Dois filmes que estreiam mostram novos ângulos e velhos dramas de SP

São Paulo é uma cidade cinza. Para mostrar esse conceito na prática, o filme "Obra" retrata a capital apenas em preto e branco. Já em "Hipóteses para o Amor e a Verdade" ela aparece em tons vermelhos e obscuros.

Esses dois filmes, que se debruçam sobre os dramas do cotidiano local, estreiam em agosto nos cinemas depois de percorrer festivais e seguir uma jornada de três anos entre a claquete e a telona.
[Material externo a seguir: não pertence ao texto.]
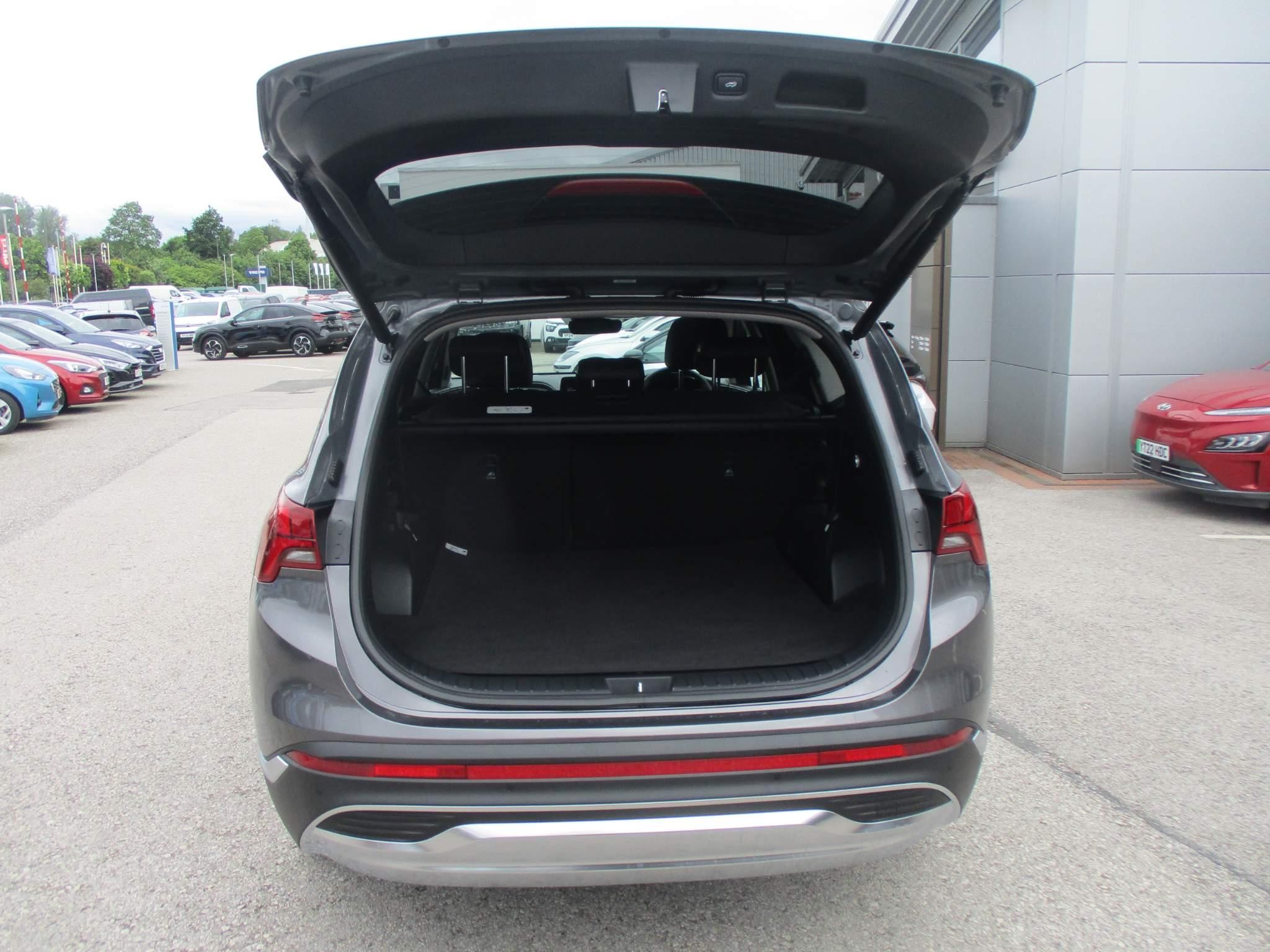 Hyundai SANTA FE Image 18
"Obra", de Gregório Graziosi, 31, estreia na quinta (13) e acompanha João Carlos (Irandhir Santos), arquiteto prestes a se tornar pai. Enquanto ele trabalha na restauração da igreja da Consolação, são achados ossos durante uma terraplanagem feita em um terreno de seu avô. A descoberta gera atrito entre ele e seu mestre de obras (Júlio Andrade). Mostra-se um passado que se quer preservar e outro a ser esquecido, mas que tenta ressurgir de qualquer jeito.

Todo filmado em lugares reais, o trabalho traz cenas da reforma feita na Consolação e também das escavações arqueológicas no largo da Batata, durante as obras do metrô, que encontraram artefatos históricos.

Há registros de ângulos pouco mostrados de lugares conhecidos, como a parte de trás do Copan e uma pista de corrida no terraço do Conjunto Nacional, na avenida Paulista.

Premiado na categoria melhor fotografia no Festival do Rio em 2014, "Obra" traz imagens dos prédios de São Paulo em boa parte das cenas, quase sempre atrás de janelas e muros. "A cidade pressiona o personagem, o deixa emparedado. Se fosse no Rio, ele poderia ir olhar o mar e esvaziar a cabeça", comenta Graziosi. "É uma sensação que tinha aqui no centro e quis usar no filme."

A pressão da cidade também é mostrada pelo som. O barulho que se houve ao abrir a janela em um bairro verticalizado ajuda a pressionar João Carlos. "Você escuta aquele som monstruoso, olha os edifícios e não vê ninguém. Mas sabe que há muitas pessoas ali", prossegue o diretor.

Todo esse ruído se choca com o silêncio da falta de conversa entre os personagens, especialmente entre os homens. O pai de João fala pouco, enquanto seu avô, debilitado, não consegue mais se expressar.

Graziosi teve a ideia de fazer o filme após produzir um curta, também em preto e branco, sobre o monumento às Bandeiras (clique aqui para assistir ). "Os prédios do centro variam muito pouco de cor, assim como as roupas das pessoas no dia a dia", analisa.

Em "Hipóteses para o Amor e a Verdade", previsto para 20/8, o foco é o presente, retratado com cores e cenas fortes. O filme é uma versão para o cinema da peça homônima do grupo Os Satyros, criada em 2009 a partir de depoimentos de moradores e frequentadores da região da praça Roosevelt, no centro.

"A gente queria falar de amor, mas todos respondiam sobre solidão", conta Rodolfo Vásquez, 53, diretor do filme e integrante dos Satyros. "Todos os textos são versões quase integrais de depoimentos de entrevistados", afirma.

No enredo, 11 personagens com diversos problemas cruzam seus caminhos durante uma noite. Um exemplo desse carrossel: Roberto, funcionário que consegue tirar férias após três anos, chama, por falta de companhia, a prostituta Madalena para acompanhá-lo numa viagem. Grávida, ela hesita, pois se envolve com o traficante Adão,
fornecedor de cocaína para uma mãe incapaz de superar a perda do filho, morto durante um assalto.

O filme é dividido em três partes: Luz, Consolação e Paraíso, e entrecortado por números e dados sobre os problemas emocionais dos paulistanos, narrados por Nany People, que interpreta uma radialista.

As duas produções foram gravadas em 2012 e editadas e finalizadas nos anos seguintes. "Não tivemos nenhum tipo de patrocínio. Usamos nossas economias e fizemos como se fosse guerrilha. Foi suado, mas prazeroso", conta Vásquez, que se prepara para fazer outros dois filmes a partir de peças já encenadas pelos Satyros, "Filosofia na Alcova" e "Pessoas Perfeitas".

"As peças seguem em cartaz e os atores vão aquecidos. Quando for filmar, estarão donos de seus personagens", espera o diretor.